Figure: An undirected Graph with Weights

Dijkstra's algorithm shares certain similarity with Prim's algorithm, let us compare them briefly. Prim's algorithm builds a minimum spanning tree -- a tree that spans all the (connected) nodes in the graph and the sum of weights of all edges is the minimum. Dijkstra's algorithm does no such thing. Instead, it calculates the shortest path (the path with least total weight) from a given root node to all the other nodes in the (connected) graphs. In terms of methodology, they both start with a source vertex (node) and proceed from there. Another similarity is that both of these algorithms use breadth-first search approach and (typically) use a heap to get the next vertex node.
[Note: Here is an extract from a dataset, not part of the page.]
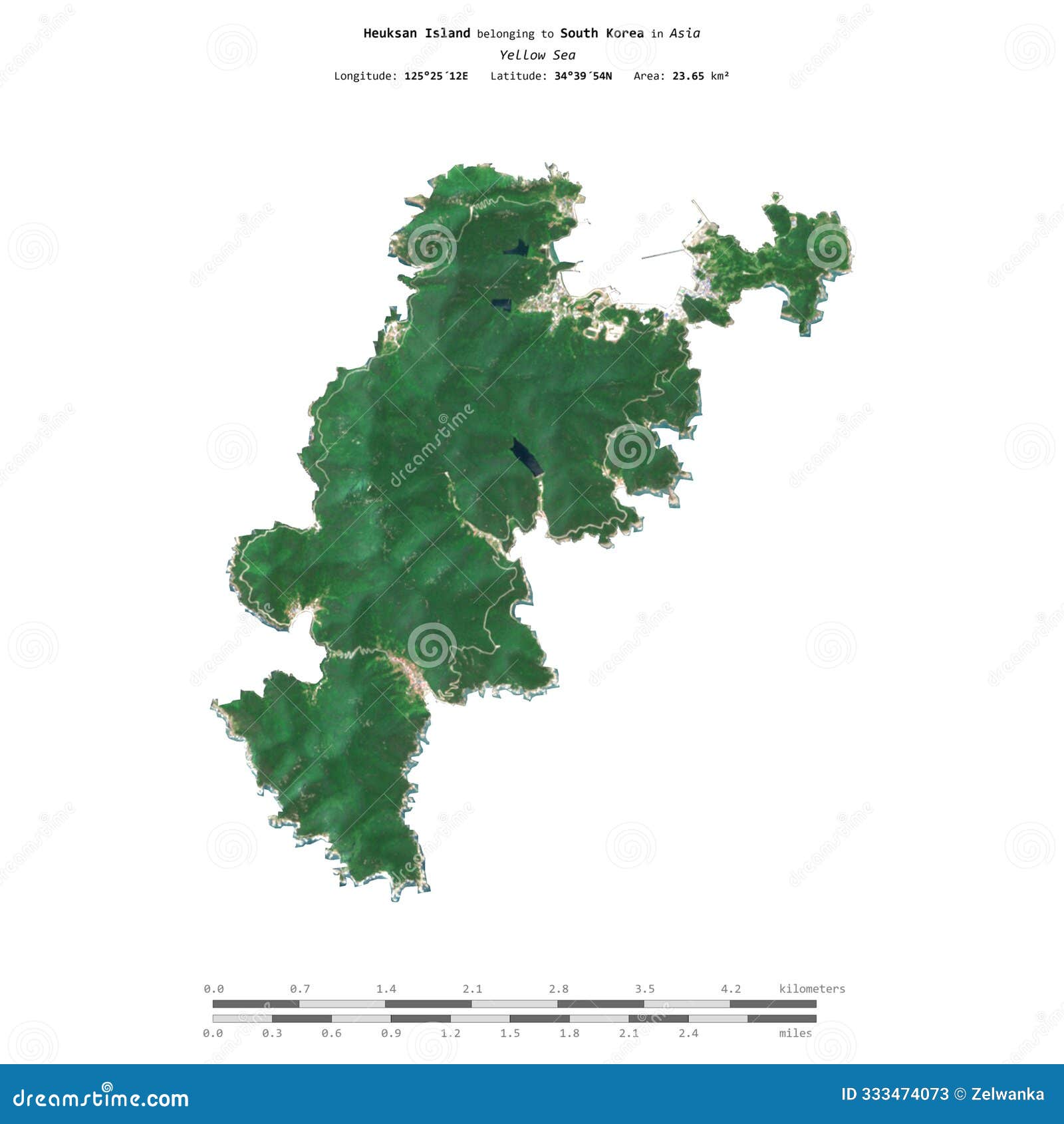 heuksan island. south korea.  on white. satellite, july 1, 2020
Dijkstra's algorithm works with both directed and undirected graph. In terms of limitations of this algorithm, Dijkstra's algorithm assumes that all edges are non-negative. In our example, we use an undirected graph.

So, how does it work?

Things To Remember

Dijkstra's algorithm and Prim's algorithm work similarly. They both use Breadth-First search and they both use a heap data-structure.

Dijkstra's algorithm works by growing a tree such that its holds the property that all vertices from a given vertex (the source) have the shortest path from the source vertex. At each stage, the algorithm selects a new edge such that the tree grows but it still maintains the property. When doing so, it adds a new vertex node from that edge. This is done repetitively till all the vertices are added to the tree. Since at each stage, all edges of the newly added vertex are added, this confirms that Dijkstra's algorithm uses breadth-first search approach. Accordingly, at any point, it works by expanding the breadth of the current shortest-path tree. One minor note. You might think that even though Dijkstra's algorithm uses a breadth-first search approach, it does not rely on a queue. Instead, it uses a heap since not only does it need to consider all immediate edges, it also needs to know the edge with the least weight.
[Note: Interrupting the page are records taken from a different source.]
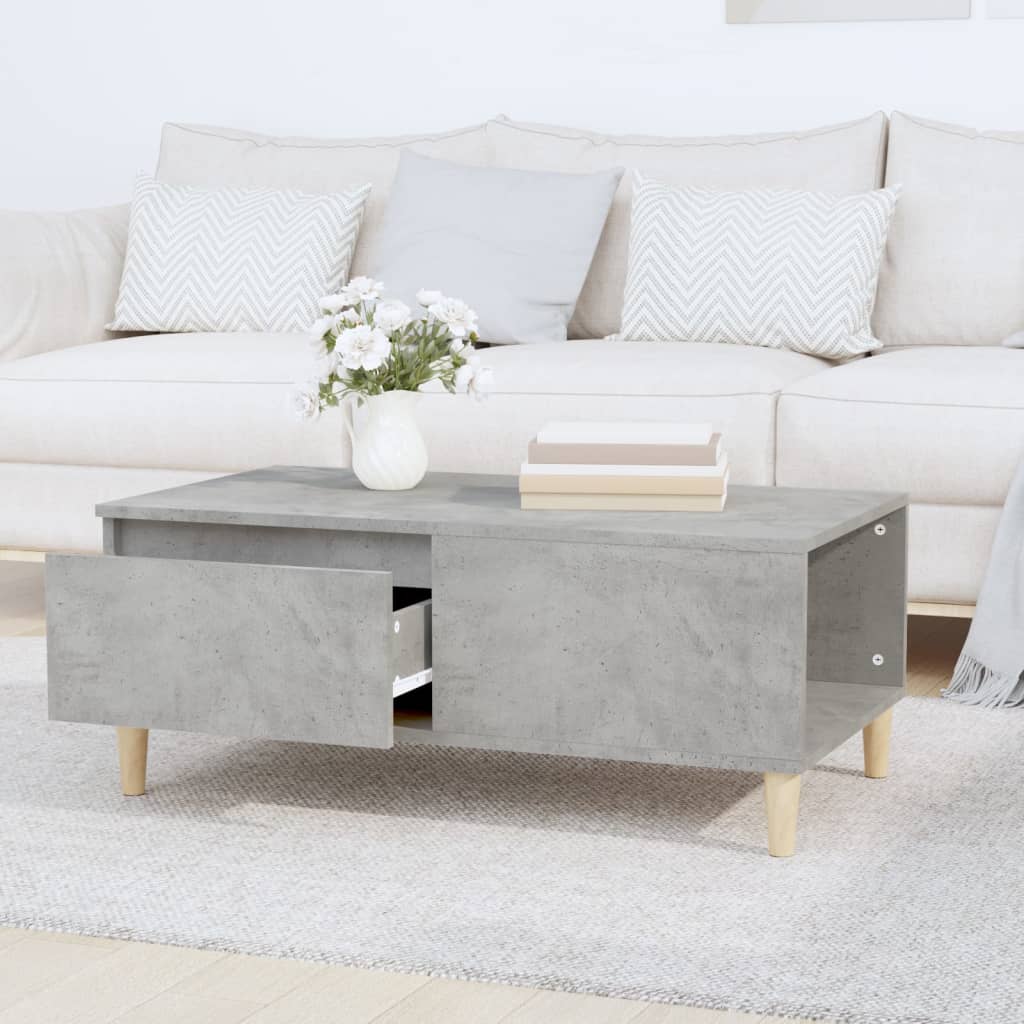 Coffee table, concrete grey, 90x50x36.5 cm, composite wood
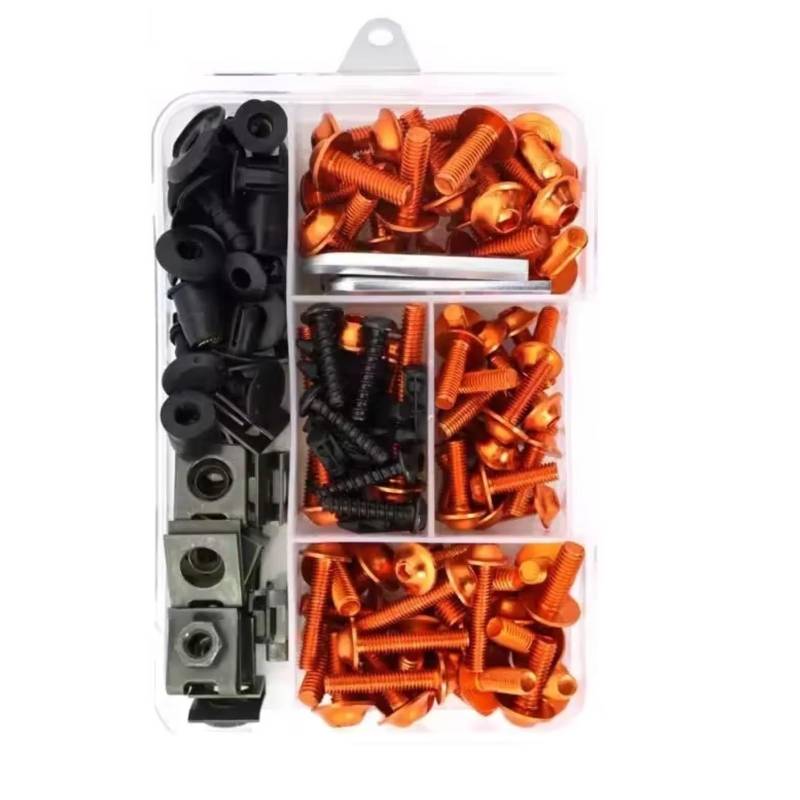 XINWELZ Motorrad Muttern Kompatibel Mit Für Z1000R Für Z1000SX 195-teiliges Schrauben- Und Mutternset Motorradzubehör Verkleidungsschrauben Schraubensatz Mutternklammern(Orange) von XINWELZ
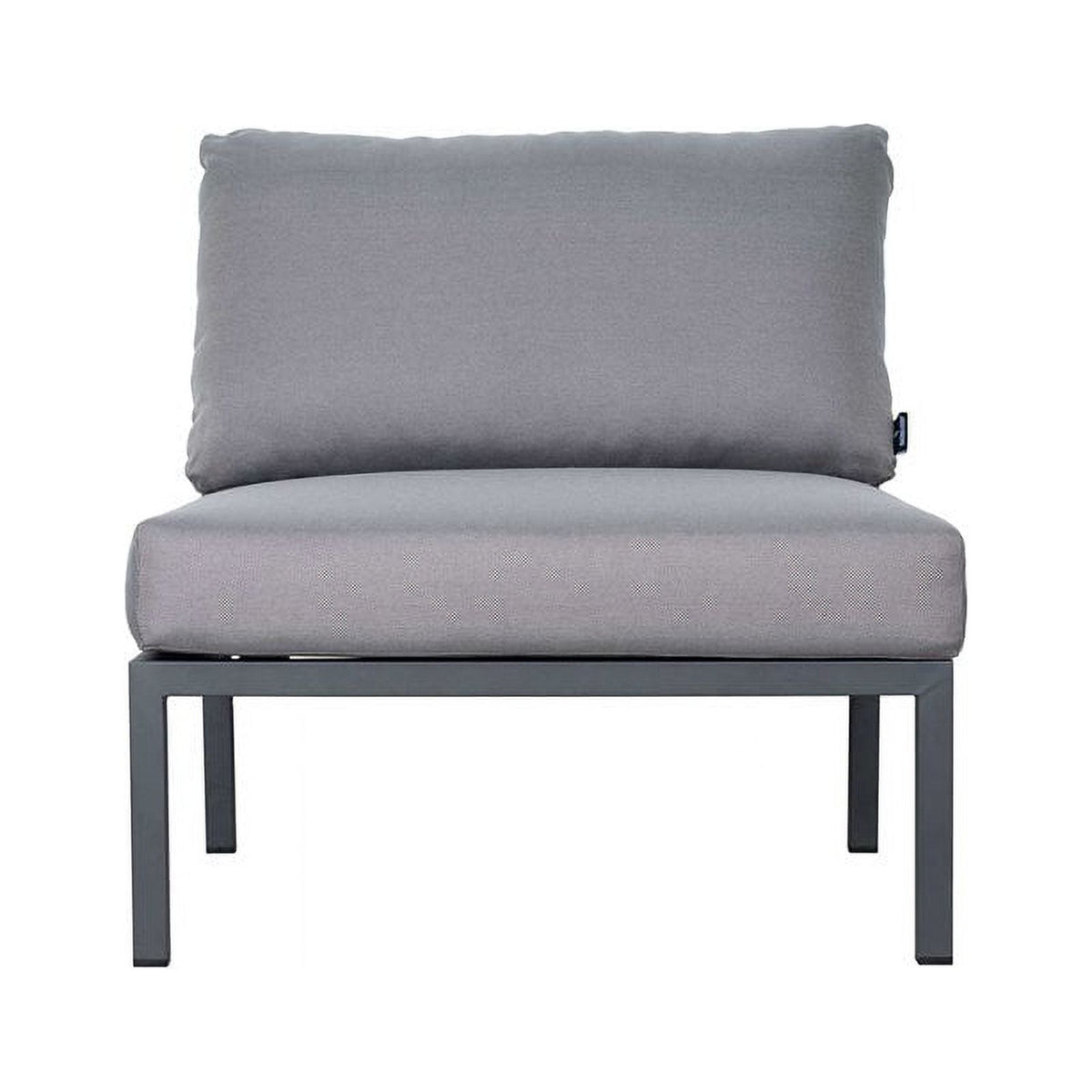 Modern Aluminum Sectional Armless Chair in Dark Gray and Pebble K331084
Let us use the above figure to go through various steps in the Dijkstra's algorithm. Following that, we provide our implementation. To start the steps, the application would need to pass the source node with respect to which, we would like to run the Dijkstra's algorithm. For our case, we start with the node that has a value of 101 in the above figure. As we keep adding nodes to the tree, we keep coloring those nodes as black. Further, as we build the tree, we would mark the nodes as blue. Thus, at any time, the Dijkstra's shortest tree is represented by the black edges. Since once we are done with a node, we are done with immediately and hence, there is no real need to mark the node as gray -- we go straight from white to black.
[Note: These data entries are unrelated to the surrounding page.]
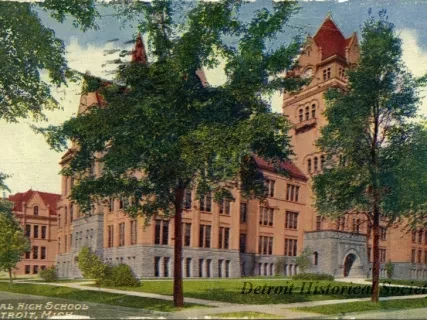 Postcard - Central High School, Detroit, Mich.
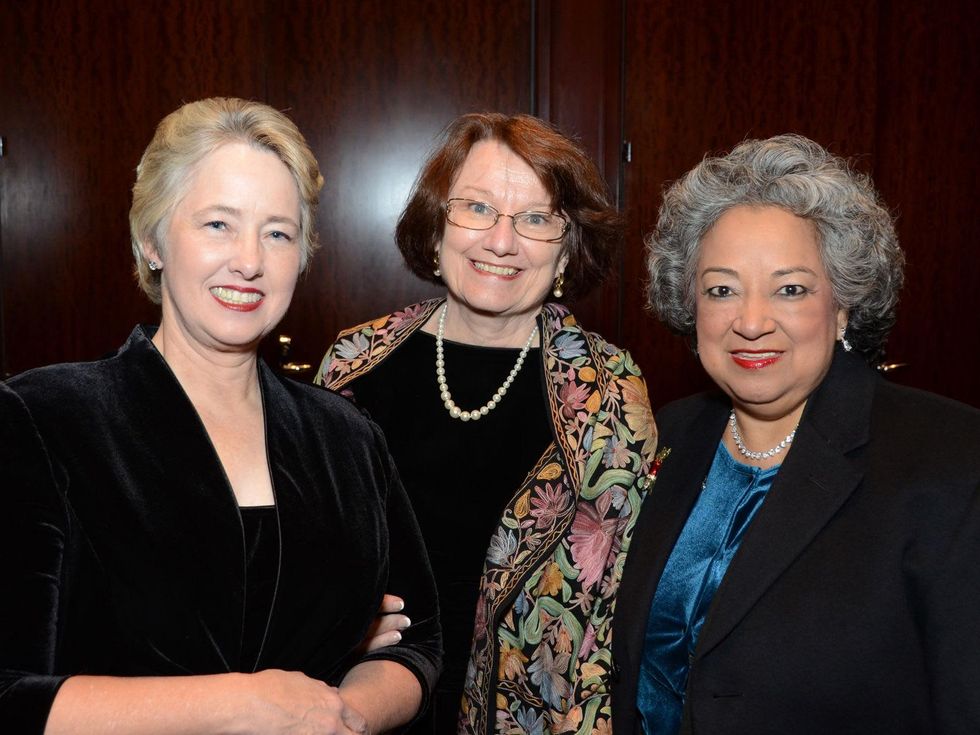 62 Mayor Annise Parker, from left, Kathy Hubbard and Lenora Sorola-Pohlman at the Greater Houston Women's Hall of Fame Gala December 2013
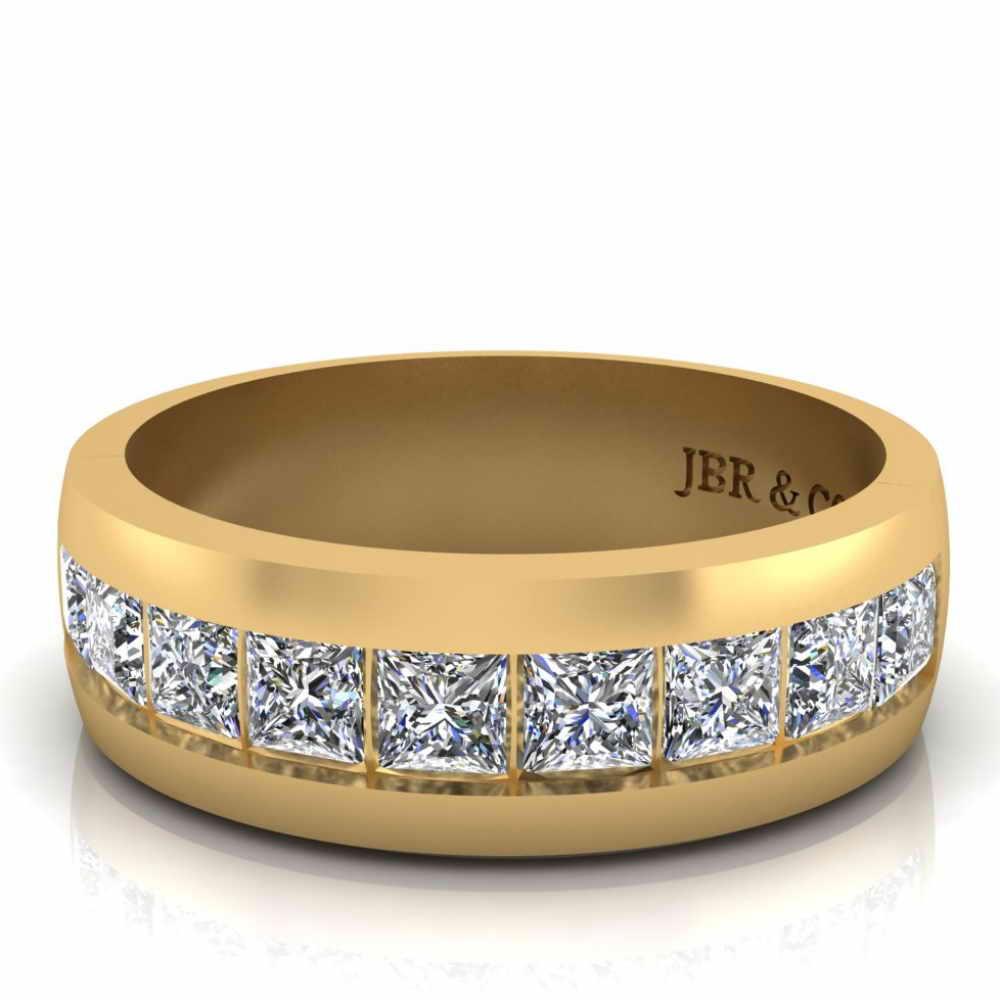 Classic Princess Cut Sterling Silver Men's Band - JBR Jeweler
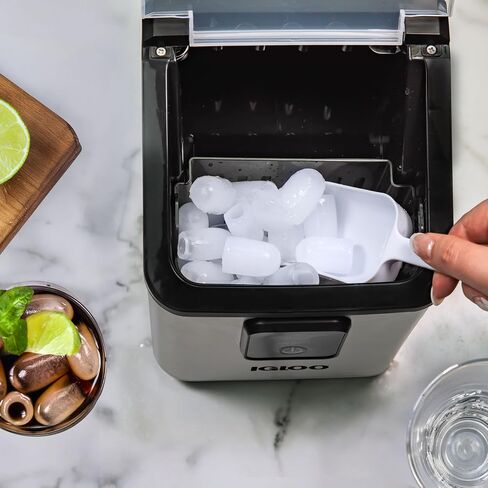 Igloo ICEB26HNSS Automatic Self-Cleaning Portable Electric Countertop Ice Maker Machine With Handle, 26 Pounds in 24 Hours, 9 Ice Cubes Ready in 7 minutes, With Ice Scoop and Basket, Stainless in Kuwait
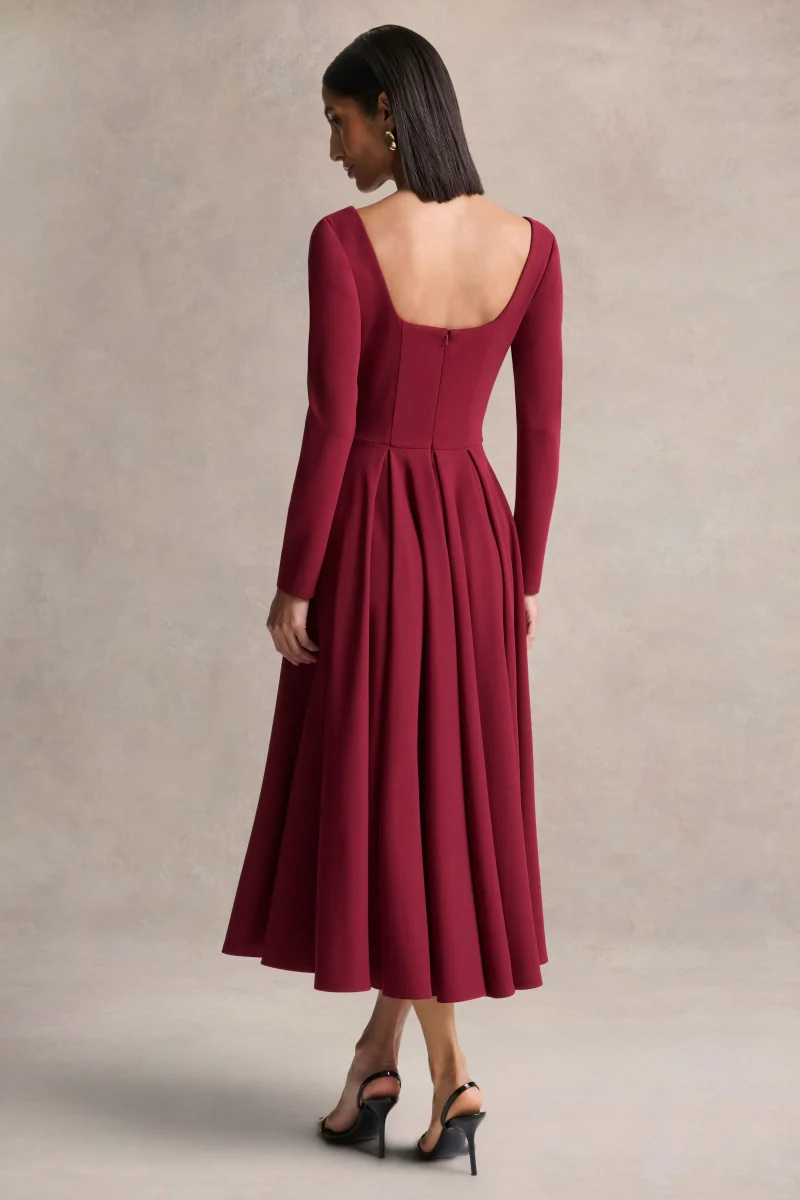 Alison | Vestido Midi Burdeos Con Cuello Cuadrado - Imagen 3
Once we have the source-node, we can can get the ball rolling. The very first step is to add all the edges belonging to the source node to the heap. In this case, with source node as 101, the heap would contain all the three edges: 101-280, 101-237, and 101-680. The heap is a min-heap and the extraction happens based on the weight of these edges. Next, we mark the source node as black -- we are done with it. We provide the graph below showing this first step. The figure also shows the heap and the distance array. The heap contains all the edges that are in consideration. The distance array shows the distance for each node from the source-node and the parent node for each node.

Figure: Step 1: Select source node (101) and adds its edges to Heap

The next set of steps can be added in a while loop. We extract the minimum edge from the heap, add the vertices that are not black and then update the distance array to compute the distance of this vertex to the source node. To do that, we walk all the vertex nodes that are adjacent to the new vertex and for each adjacent vertex node, we recompute the distance of the new vertex to the source node. We select the distance that is the least. Please note that, when walk the list of adjacent vertex nodes, we ignore those vertices that are not yet added to the tree. In this step, then we extract the next node form the heap (101-280). We mark the node 280 since we are done with it. Also, we do not have to add any new edges to heap since 280 has no new edges.

Accordingly, the next step is similar to the earlier step. We extract the least edge (101-237) from the heap. The vertex 237 has a new edge, 237-680 and we add it to the heap. Since we are done with 237, we mark it black and recompute the distances in the distance vector.

From the above state, next we extract edge 237-680. For 680, we compute its distance to the source node. Now it has two paths. First path is 101 to 237 to 680, which has a total weight of 15 (10+5). The second path is 101 to 680 directly, which has a total weight of 12. So, we would prefer this and mark 101 as its parent. We mark 680 as black since we are done with it. At this point, the heap has no element and that terminates the Dijkstra's algorithm.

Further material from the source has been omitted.